All of the data should be repeated exactly; pictures are not part of the copy.

## Given data
··········
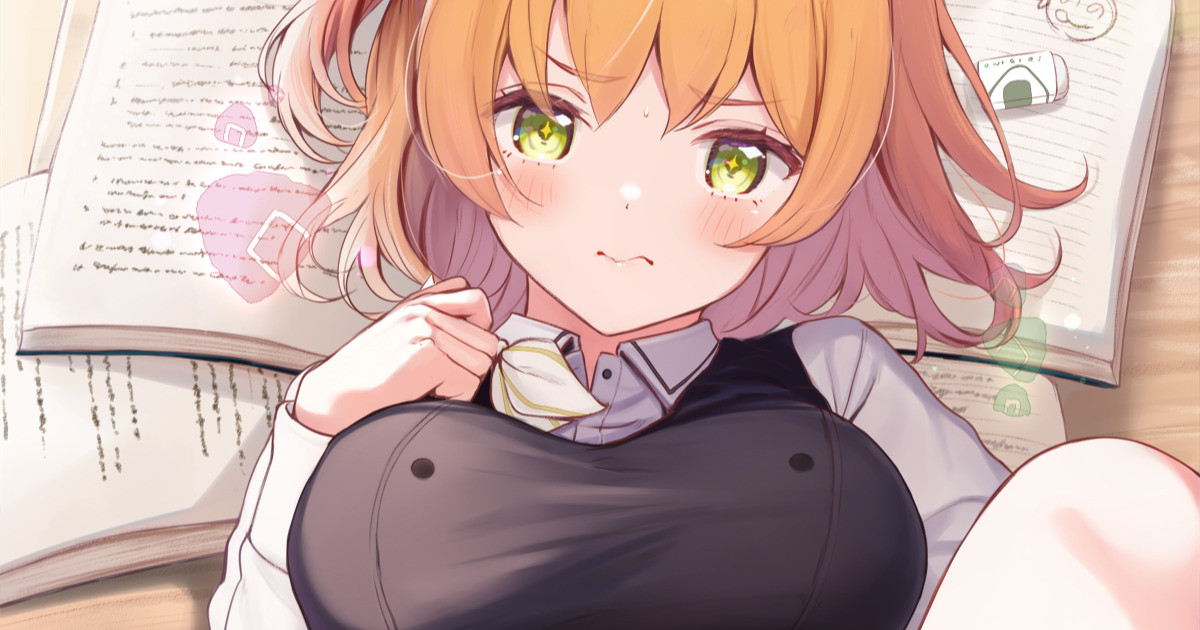 「八つ刻 R18イラスト を投稿しました」|相音うしおのイラスト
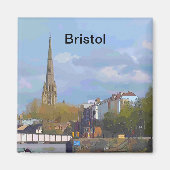 Magnet "Bristol" (Vorne)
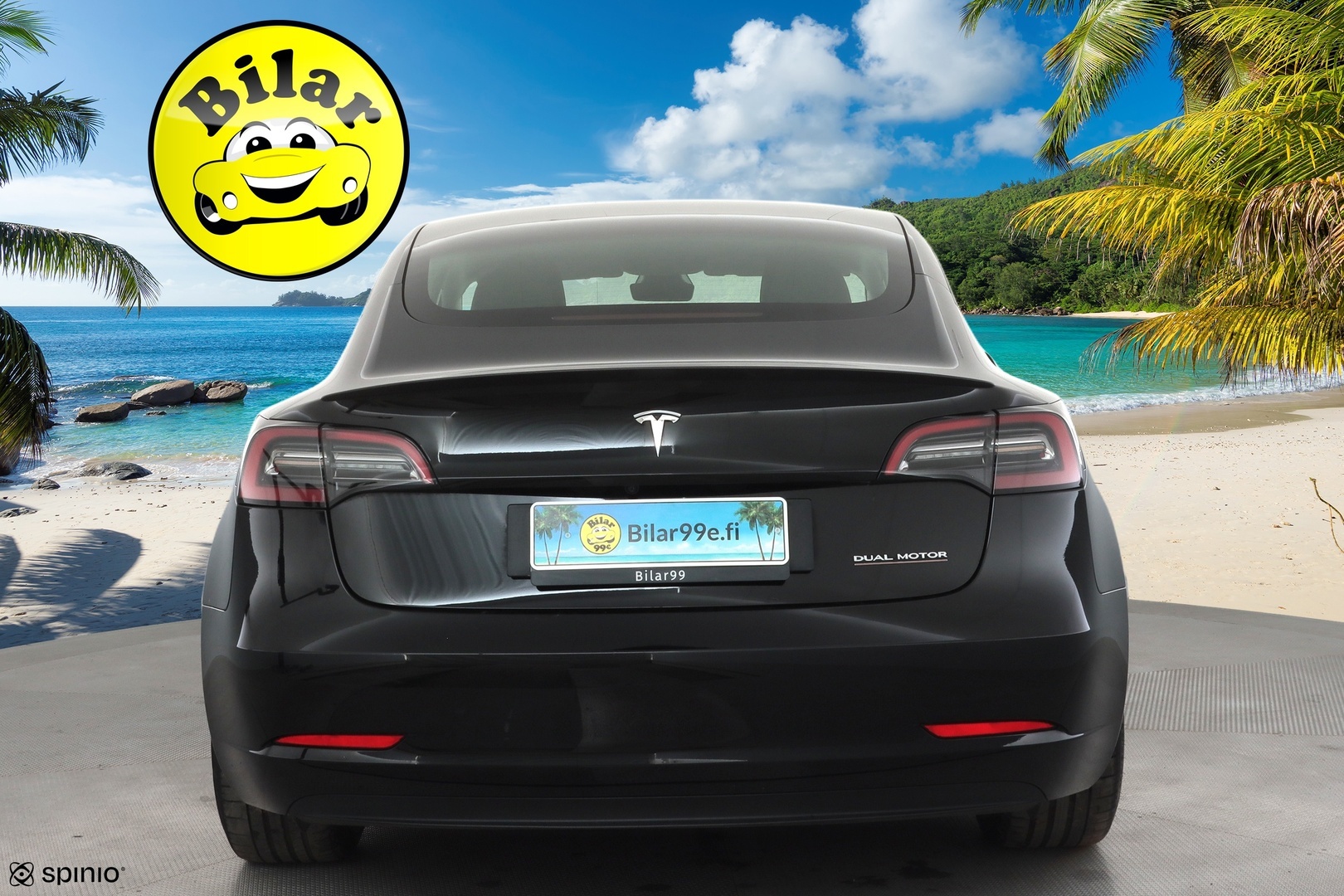 TESLA MODEL 3 2023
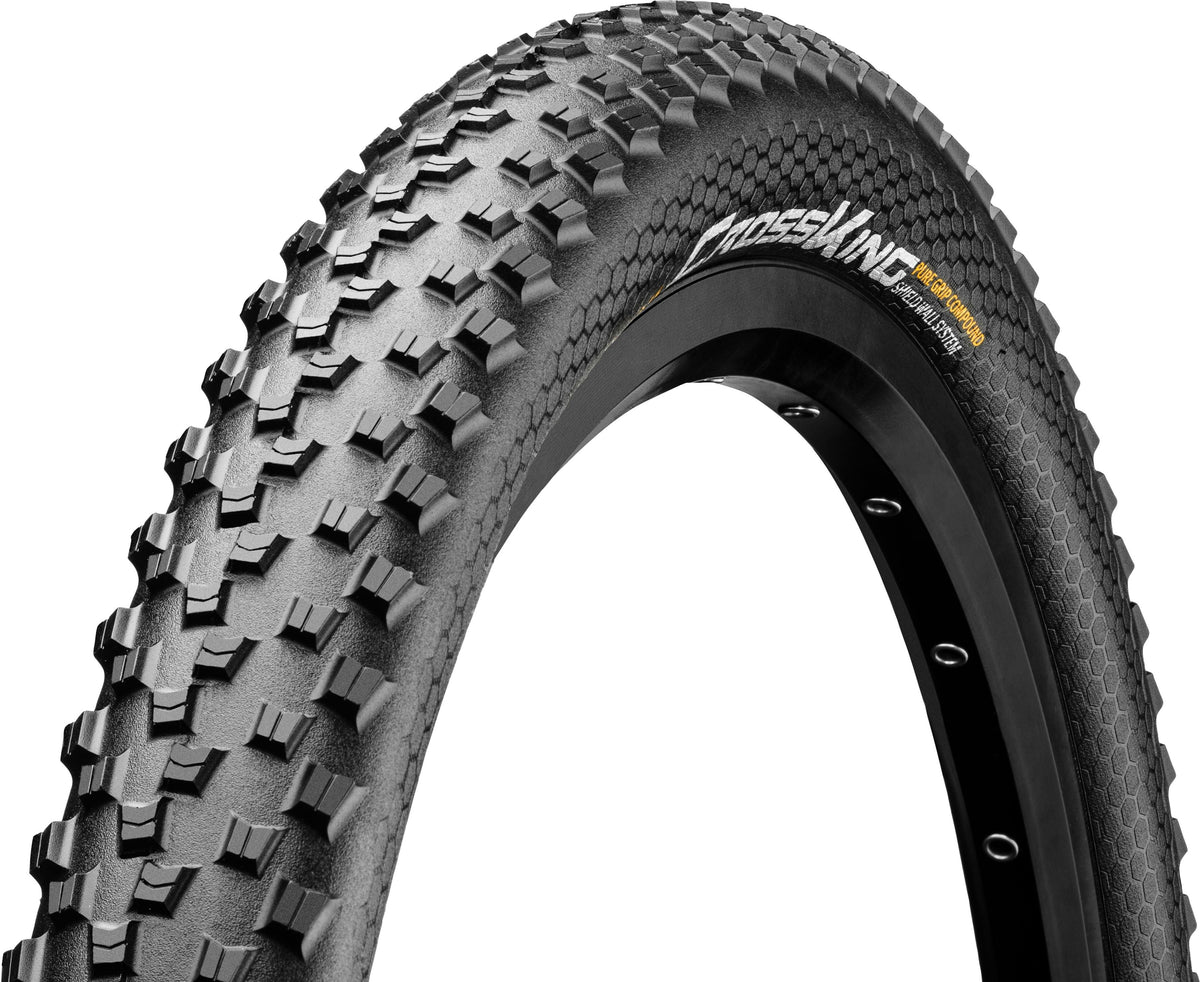 Continental Cross King II Performance 2.2 pneu pliant 26x2.20" noir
··········
## Response for this exercise
 「八つ刻 R18イラスト を投稿しました」|相音うしおのイラスト
 Magnet "Bristol" (Vorne)
 TESLA MODEL 3 2023
 Continental Cross King II Performance 2.2 pneu pliant 26x2.20" noir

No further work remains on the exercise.